Anita has enjoyed sharing ACEI’s message and life-altering publications, including Childhood Education and Childhood Explorer. Doing so has helped her actively pursue the following objectives:

  • Educate teachers, administrators, and parents about the building blocks of language, the foundation for success in literacy and content in early childhood and beyond
  • Emphasize the instructional value of play/peer interactions and observation, and their impact on language and literacy success
  • Enhance educators,’ administrators,’ and policymakers’ understanding of the importance of including the voices of children and their families in instruction and assessment
  • Demonstrate and reiterate the value and need for early dual language instruction--specifically mother-tongue-based instruction (also termed “one-way bilingual education”)
  • Identify gaps in “word gap” studies and propose a shift in pedagogy and assessment beyond just labels or terminology to what she terms conceptology (i.e., concept knowledge, which is not always lexically realized in every language variety) and to advocate for culturally inclusive vocabulary instruction and other forms of professional development for P-12 teachers, caregivers, and administrators
  • Spark interest in heritage languages and home dialect revitalization for so-called “English language learners” and speakers of stigmatized “dialects” of English and other languages
  • Educate teachers, administrators, and parents about World Englishes, and variations in other languages, including Spanish, while showcasing the value of language differences, so that “dialects” are not viewed as inferior or substandard brands of a (“Standard”) language.

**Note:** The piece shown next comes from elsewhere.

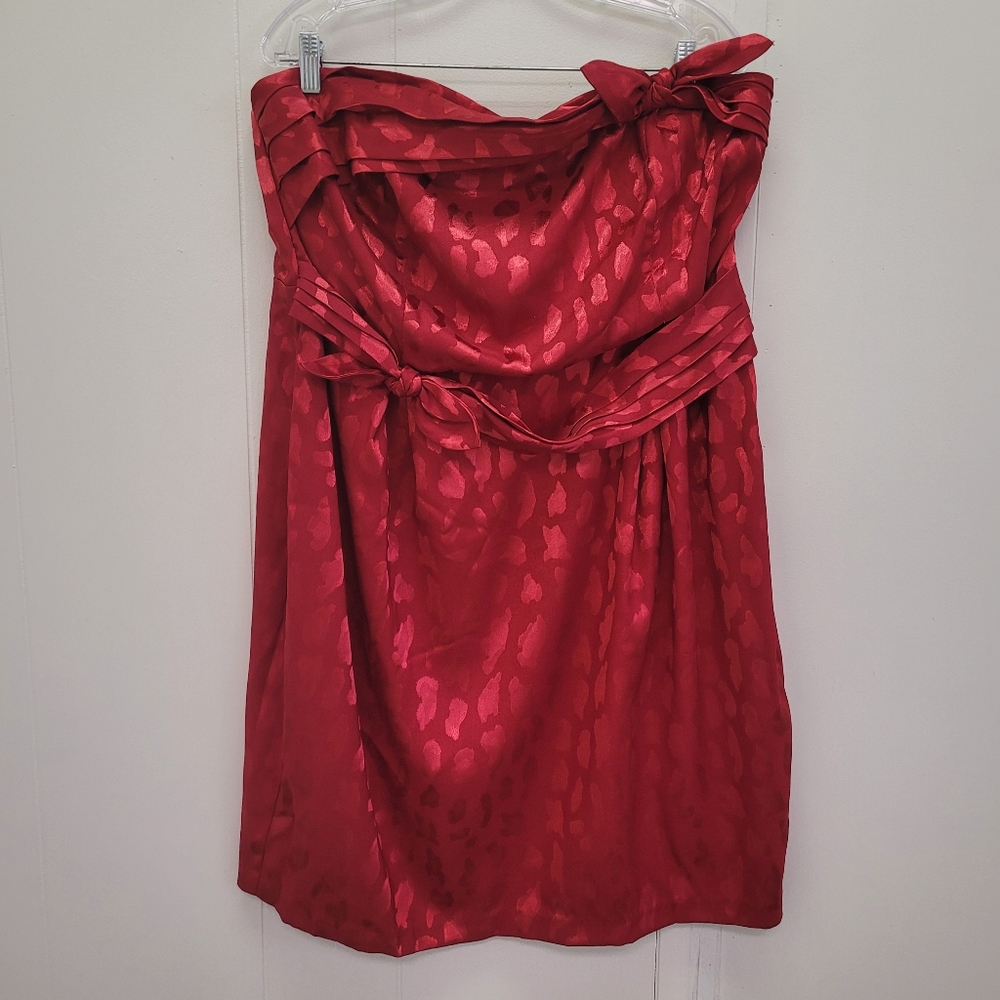 Torrid Metallic Leopard Print Strapless Dress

  • Enhance the cultural competency of U.S.-based P-12 teachers, staff, and administrators through culturally inclusive professional development and through meaningful and sustained collaboration with families and communities, so that our schools are welcoming to students and families from diverse backgrounds
  • Foster dialogue between teachers, parents, administrators, and support staff
  • Share the 10 Pillars of a Good Childhood
  • Mentor children, youth, students, and other leaders to collectively impact legislation around language and early education (e.g., Anita helped to ensure that Maryland passed the Seal of Biliteracy Act)
  • Serve her local community and engender social justice by giving a voice to those who have been silenced
  • Generate interest in the creation of a multistate organization in the northeastern region of the U.S. dedicated to advocating for bilingualized (English language) instruction in the early years.